Task item:
Exactly as written, set down the lines from the top of the entries through the line bearing "2024 Mitsubishi Outlander Base", with every picture left out.

[Stored items]
════════════════

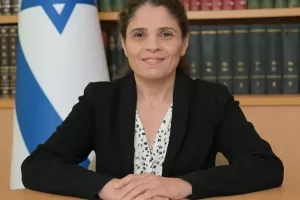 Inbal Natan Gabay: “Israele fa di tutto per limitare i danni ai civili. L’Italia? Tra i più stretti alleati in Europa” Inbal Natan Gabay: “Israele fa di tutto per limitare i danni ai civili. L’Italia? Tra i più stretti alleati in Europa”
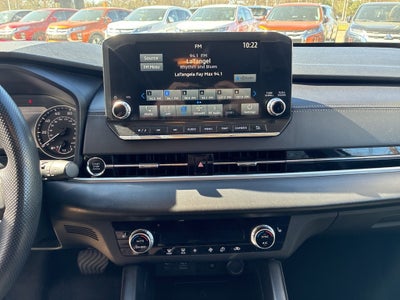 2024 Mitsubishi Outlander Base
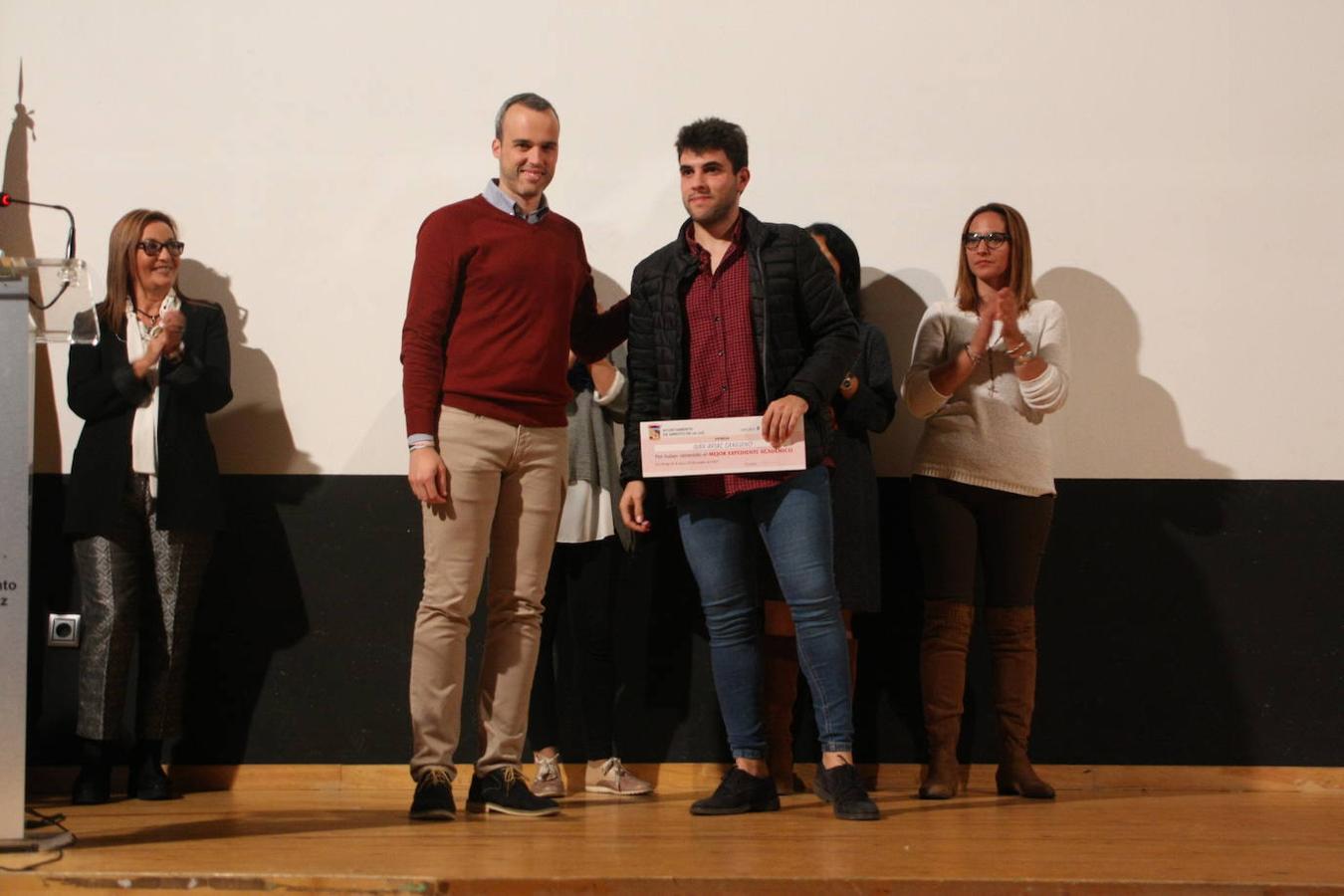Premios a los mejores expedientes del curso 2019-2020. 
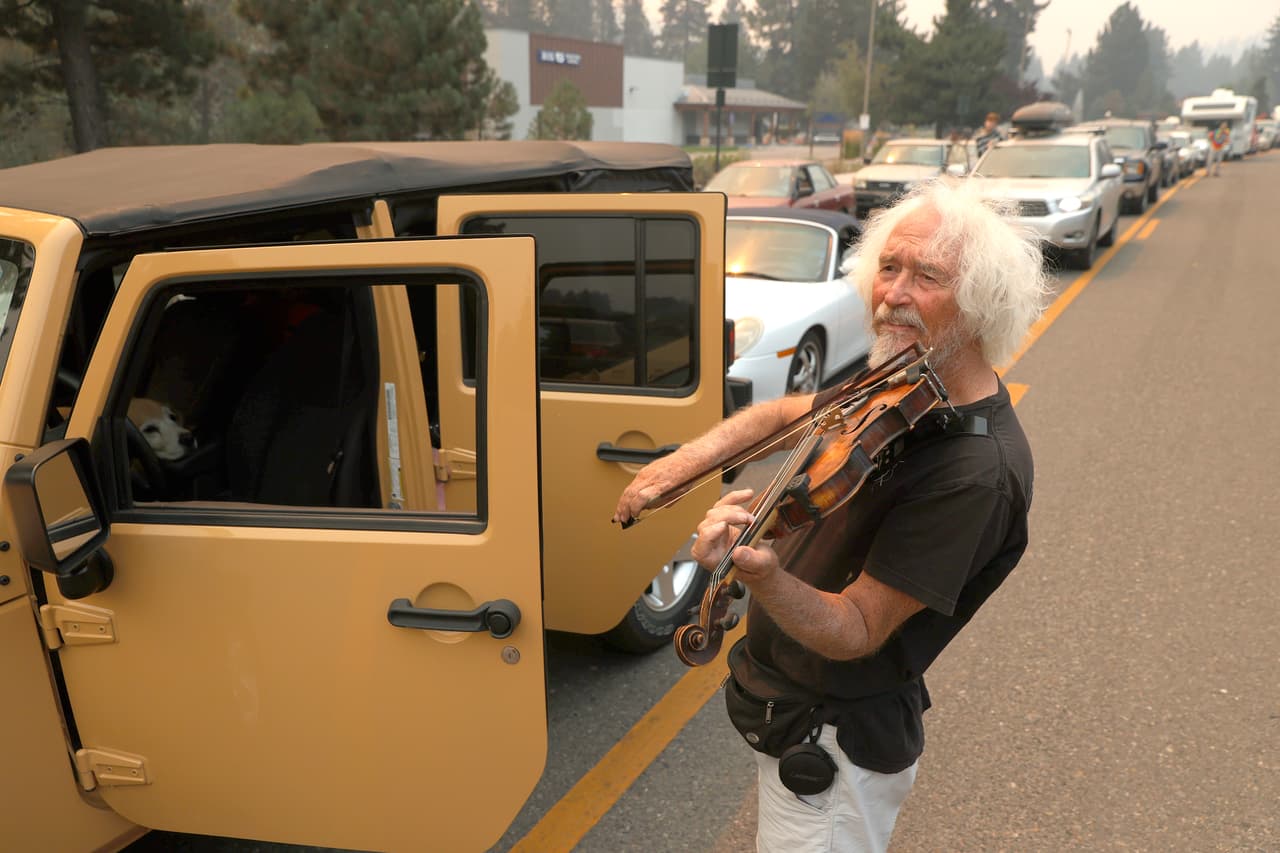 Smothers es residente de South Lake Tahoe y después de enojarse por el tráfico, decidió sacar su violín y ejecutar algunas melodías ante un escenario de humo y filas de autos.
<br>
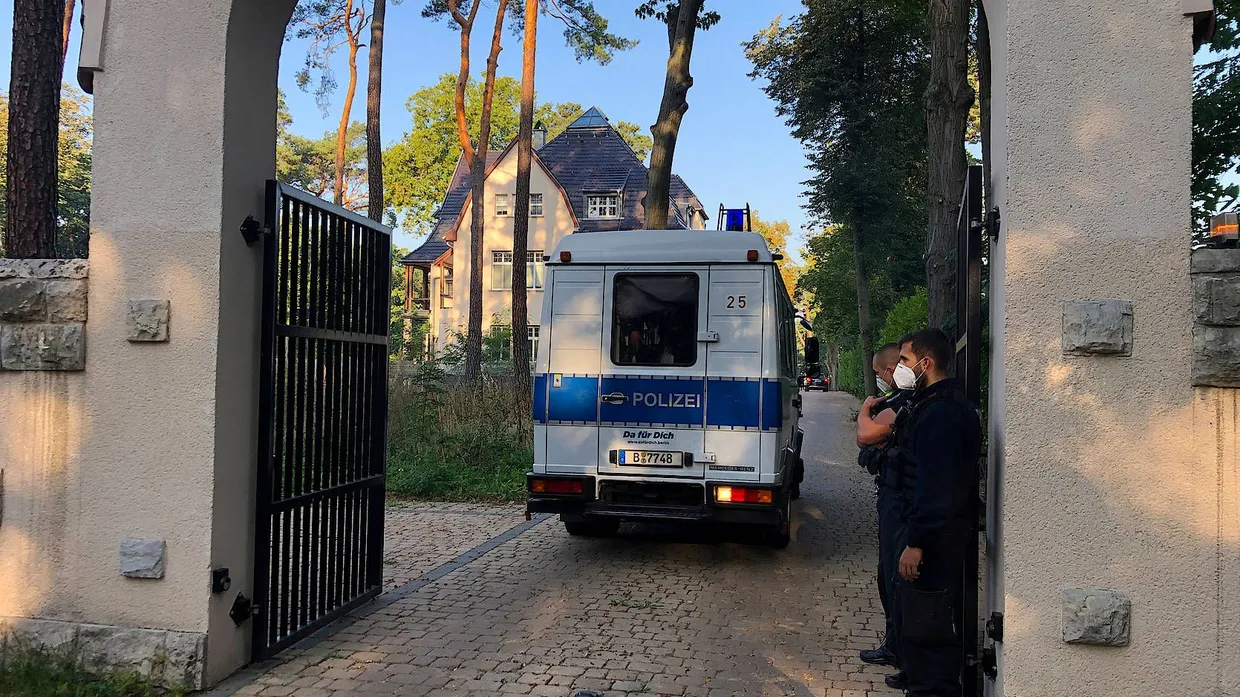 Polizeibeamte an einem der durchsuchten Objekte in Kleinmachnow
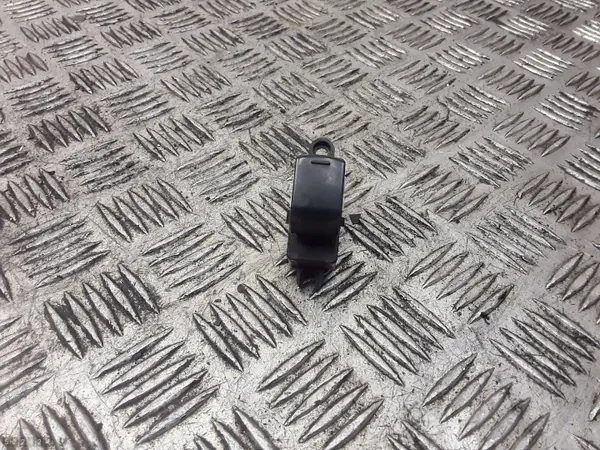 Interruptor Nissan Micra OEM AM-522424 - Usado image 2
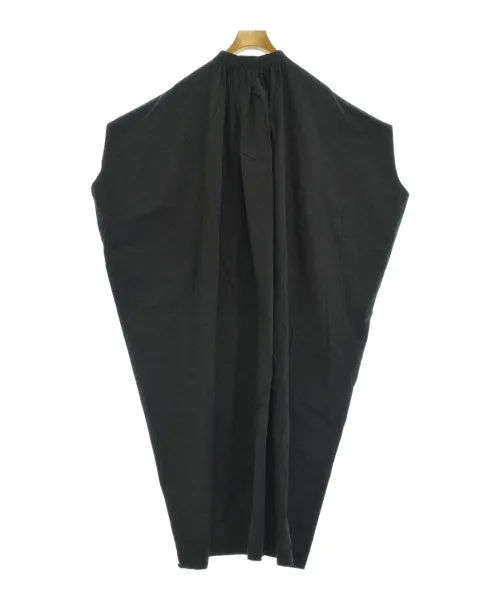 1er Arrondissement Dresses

════════════════

Task output:
 Inbal Natan Gabay: “Israele fa di tutto per limitare i danni ai civili. L’Italia? Tra i più stretti alleati in Europa” Inbal Natan Gabay: “Israele fa di tutto per limitare i danni ai civili. L’Italia? Tra i più stretti alleati in Europa”
 2024 Mitsubishi Outlander Base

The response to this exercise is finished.